BEGIN RECORDS SUPPLIED

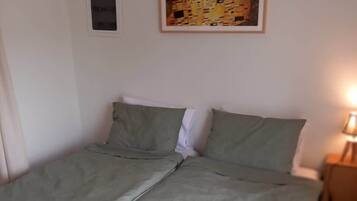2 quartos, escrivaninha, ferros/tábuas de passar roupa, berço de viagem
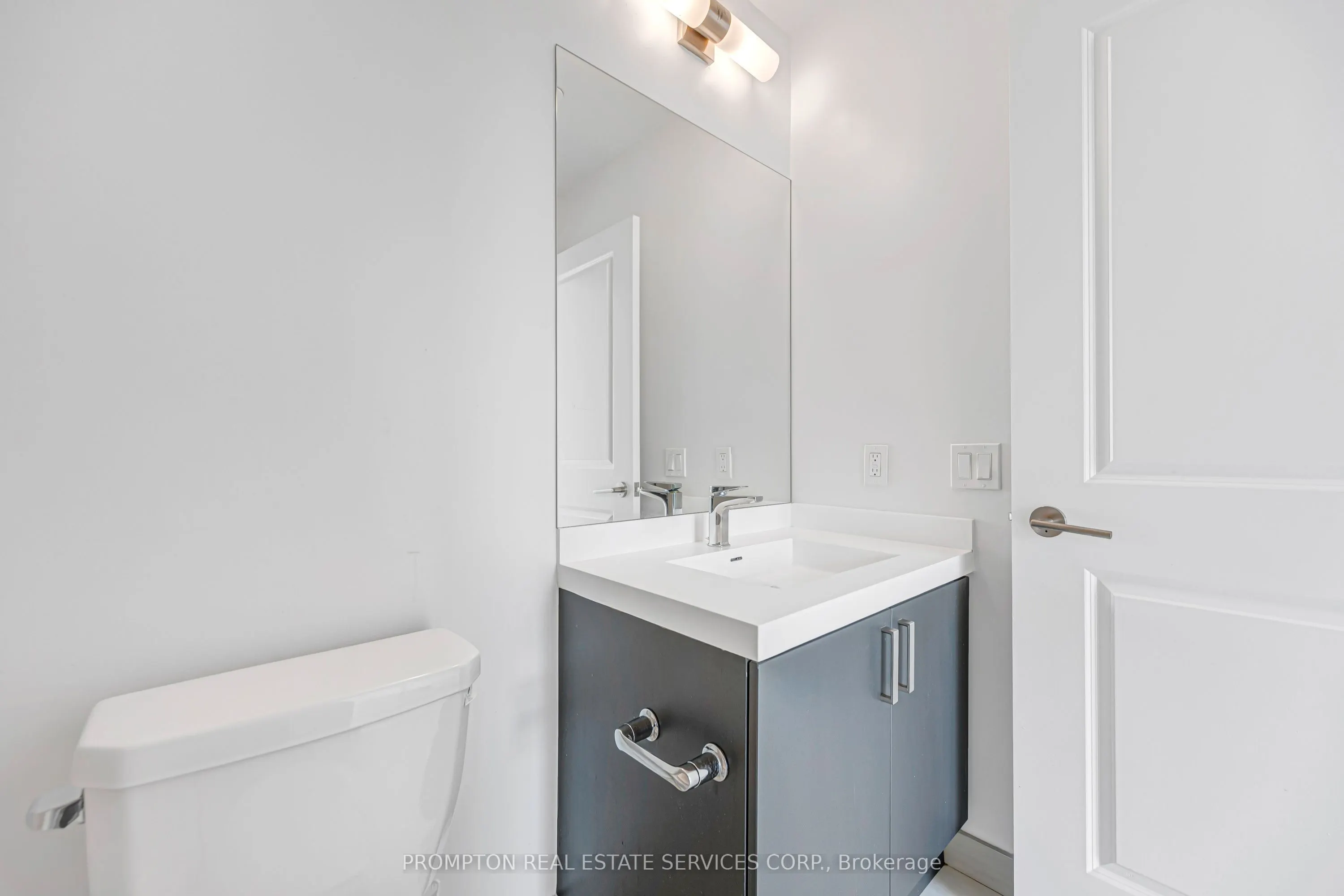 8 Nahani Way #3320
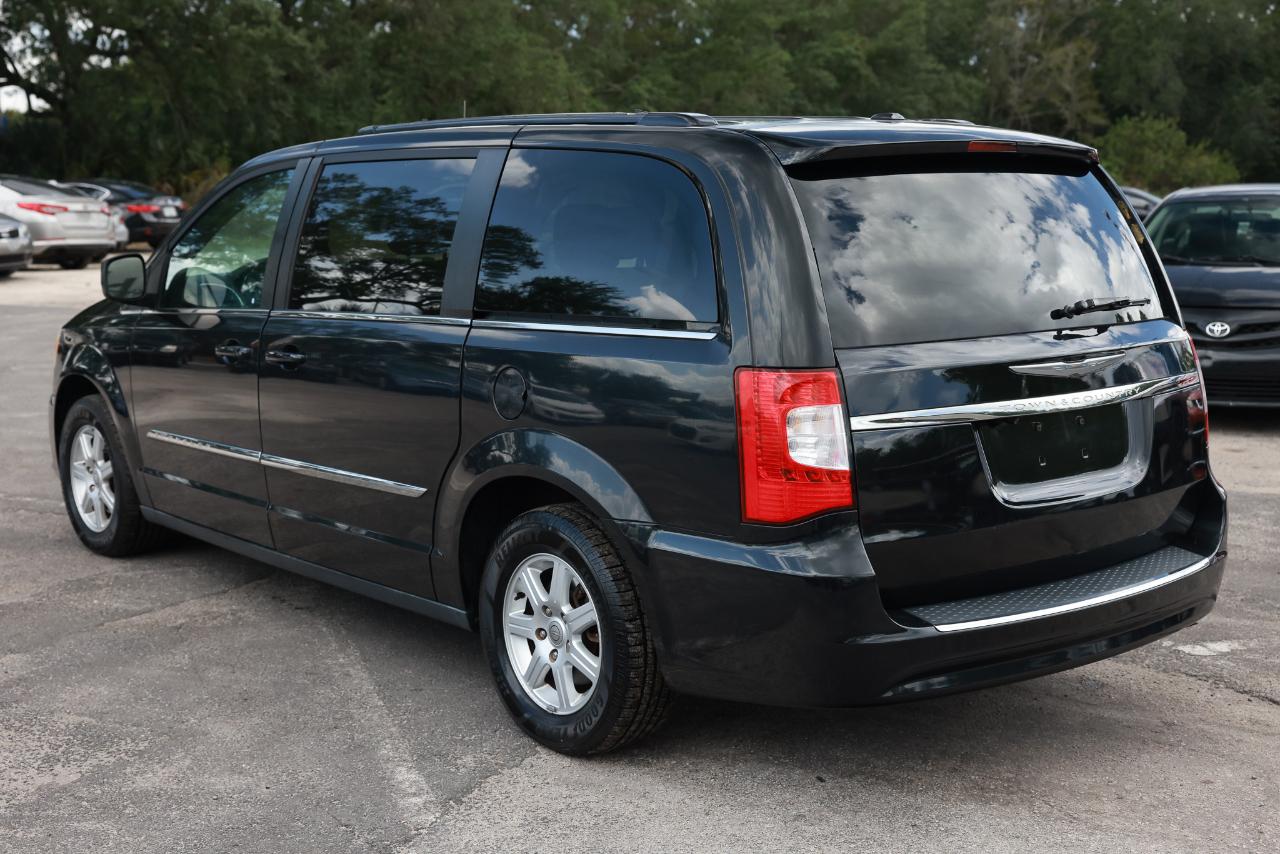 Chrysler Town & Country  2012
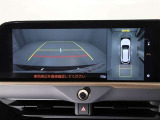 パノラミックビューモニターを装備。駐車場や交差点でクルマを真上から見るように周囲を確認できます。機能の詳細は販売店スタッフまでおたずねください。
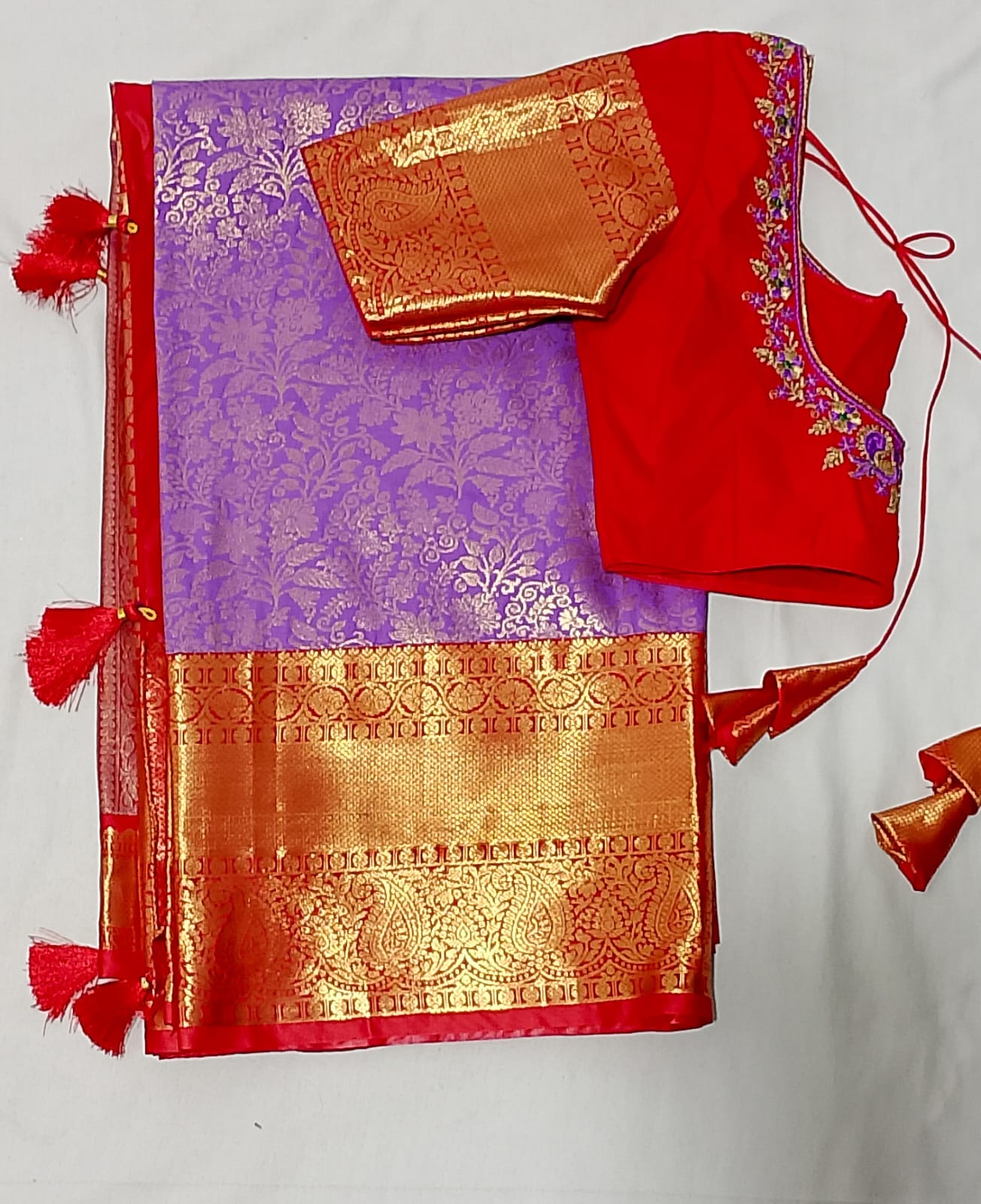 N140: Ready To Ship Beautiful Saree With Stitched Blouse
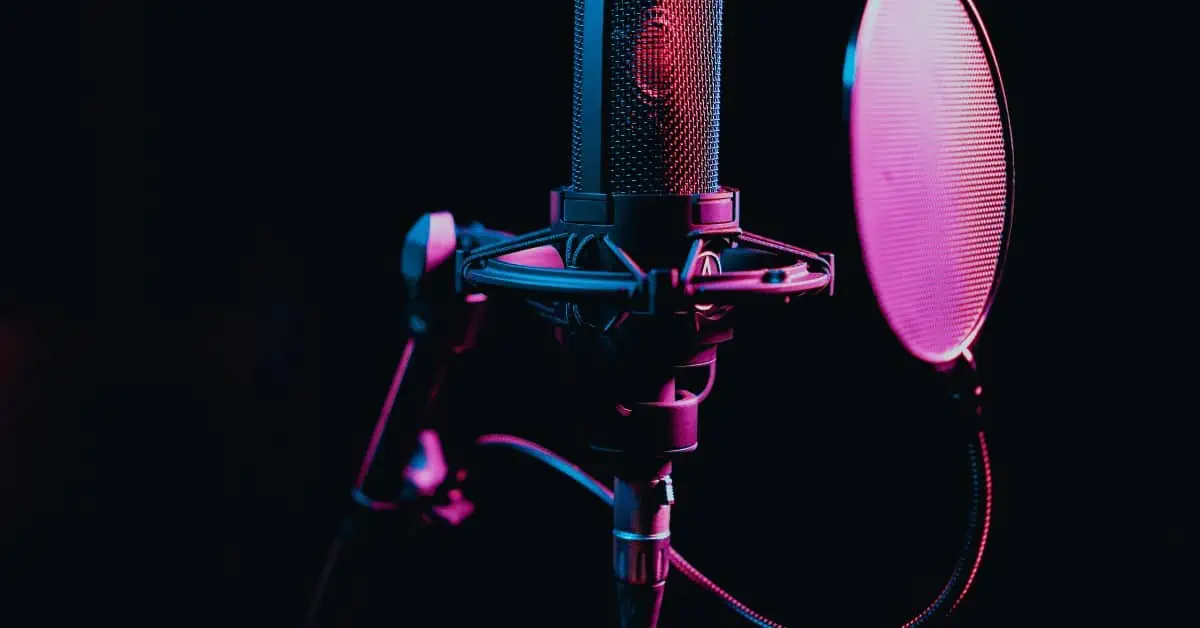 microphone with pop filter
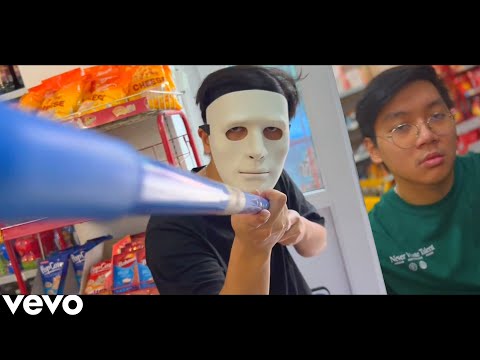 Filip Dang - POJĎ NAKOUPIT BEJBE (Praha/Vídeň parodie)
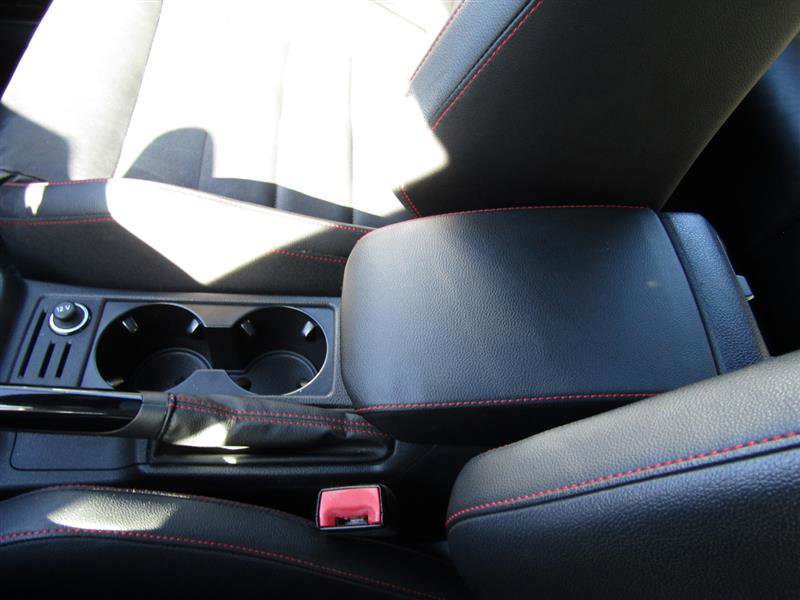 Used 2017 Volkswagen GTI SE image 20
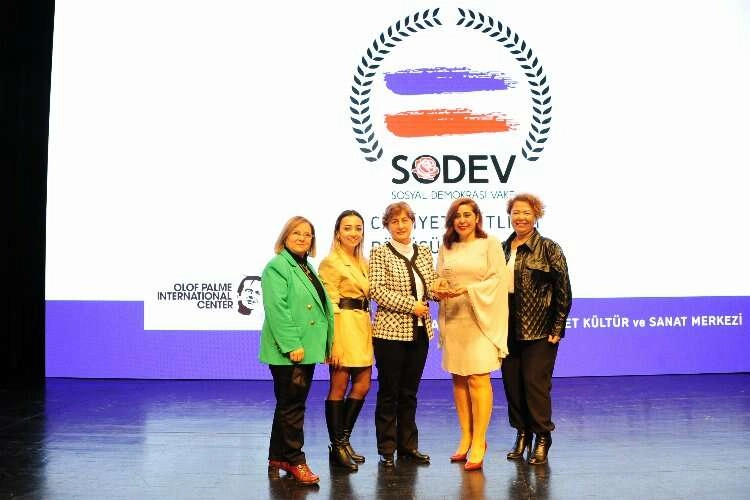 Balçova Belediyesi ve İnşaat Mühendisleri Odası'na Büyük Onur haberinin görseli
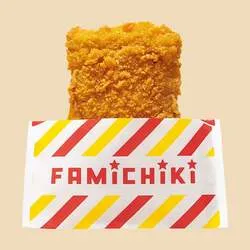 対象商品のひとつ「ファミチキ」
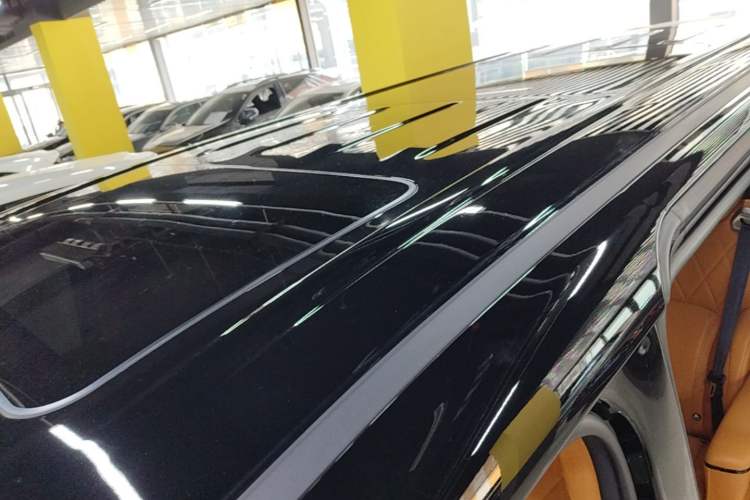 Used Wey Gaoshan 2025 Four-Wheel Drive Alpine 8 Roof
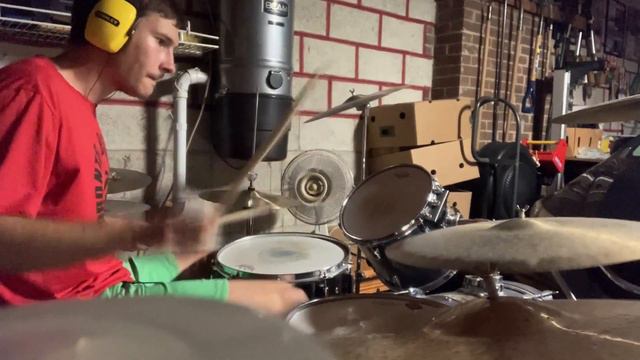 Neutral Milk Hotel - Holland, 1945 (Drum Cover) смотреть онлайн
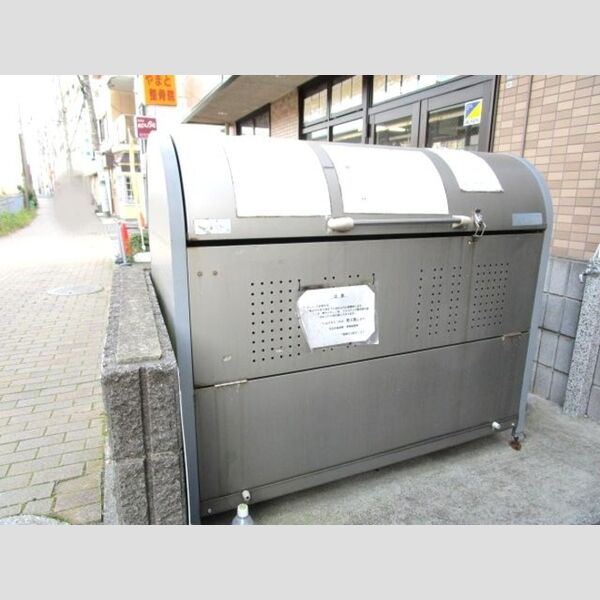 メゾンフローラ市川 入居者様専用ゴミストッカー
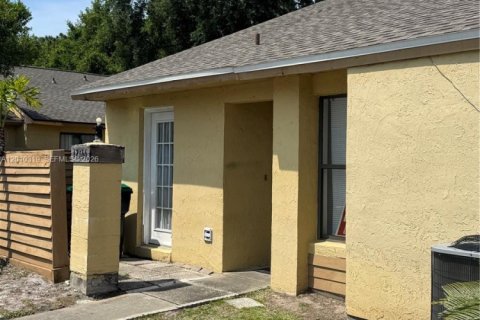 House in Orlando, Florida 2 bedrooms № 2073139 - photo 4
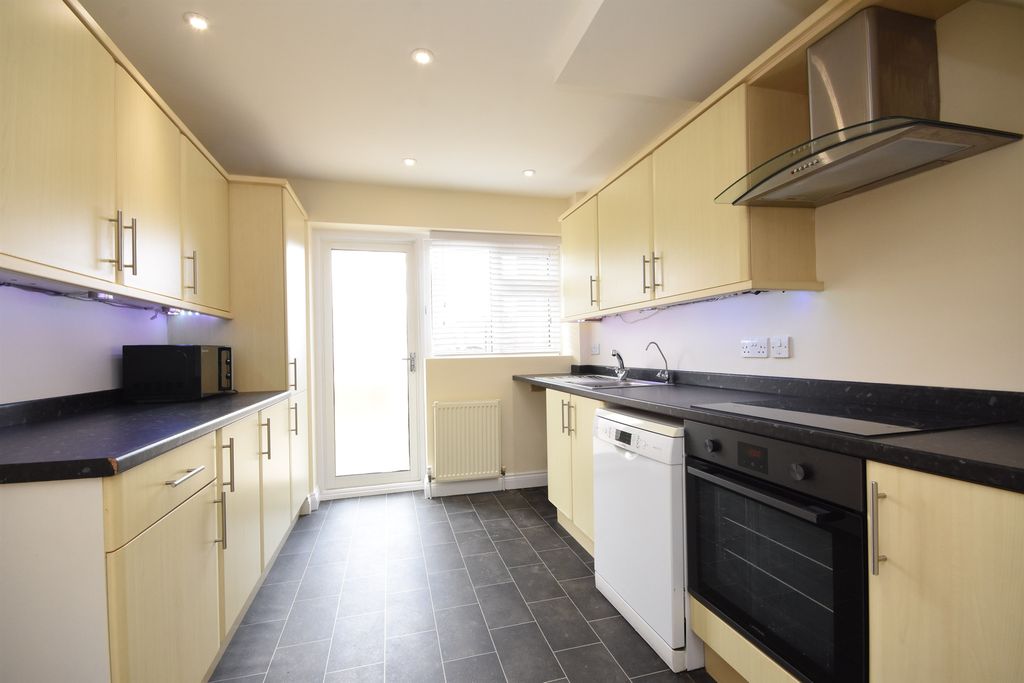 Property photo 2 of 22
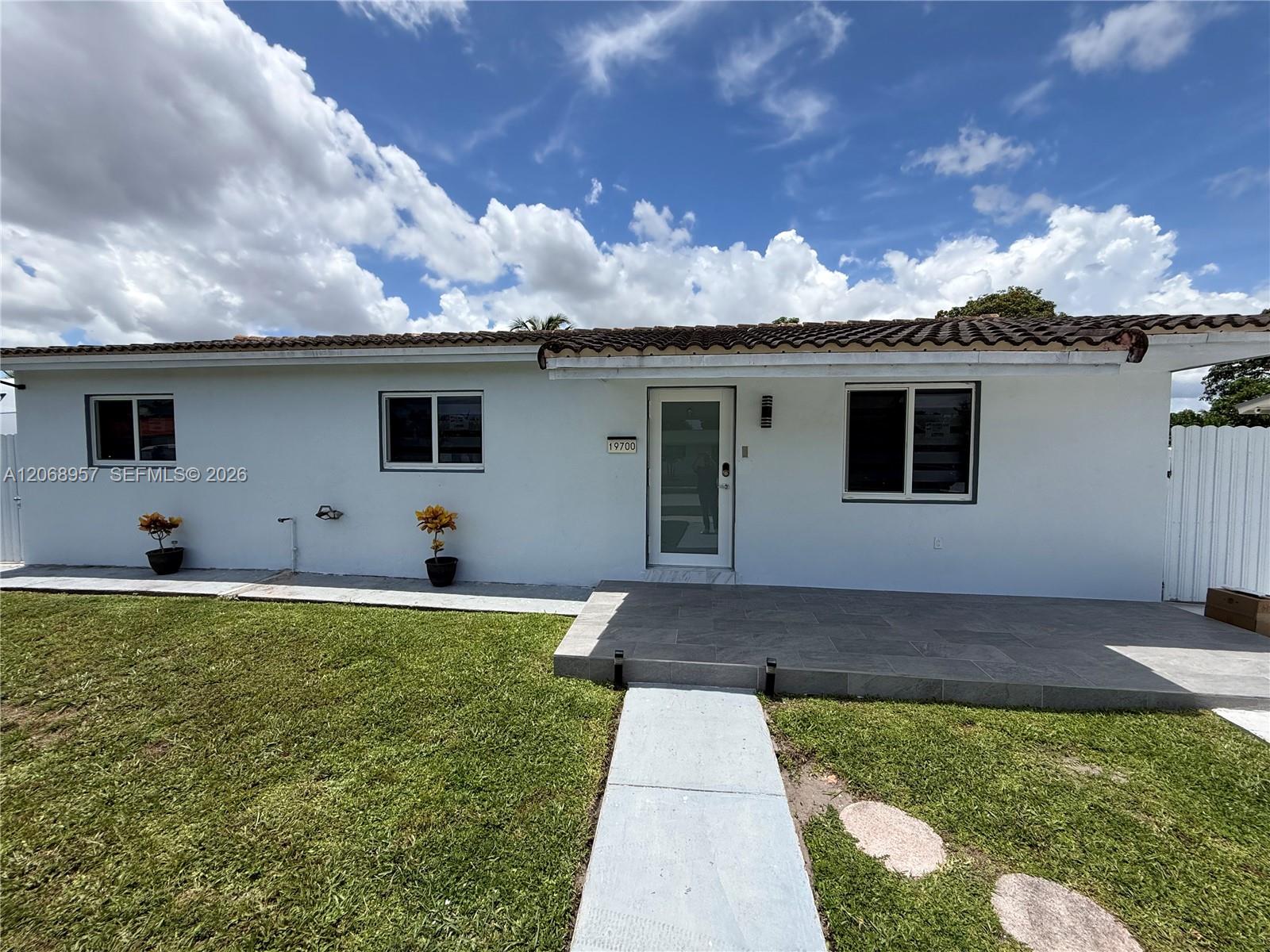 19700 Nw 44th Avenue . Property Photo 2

END RECORDS SUPPLIED

Beginning at the line with "House in Orlando, Florida", reproduce word for word each line through the last line of the records. Include both ends but no pictures.

• **ANSWER TO THIS EXERCISE**
 House in Orlando, Florida 2 bedrooms № 2073139 - photo 4
 Property photo 2 of 22
 19700 Nw 44th Avenue . Property Photo 2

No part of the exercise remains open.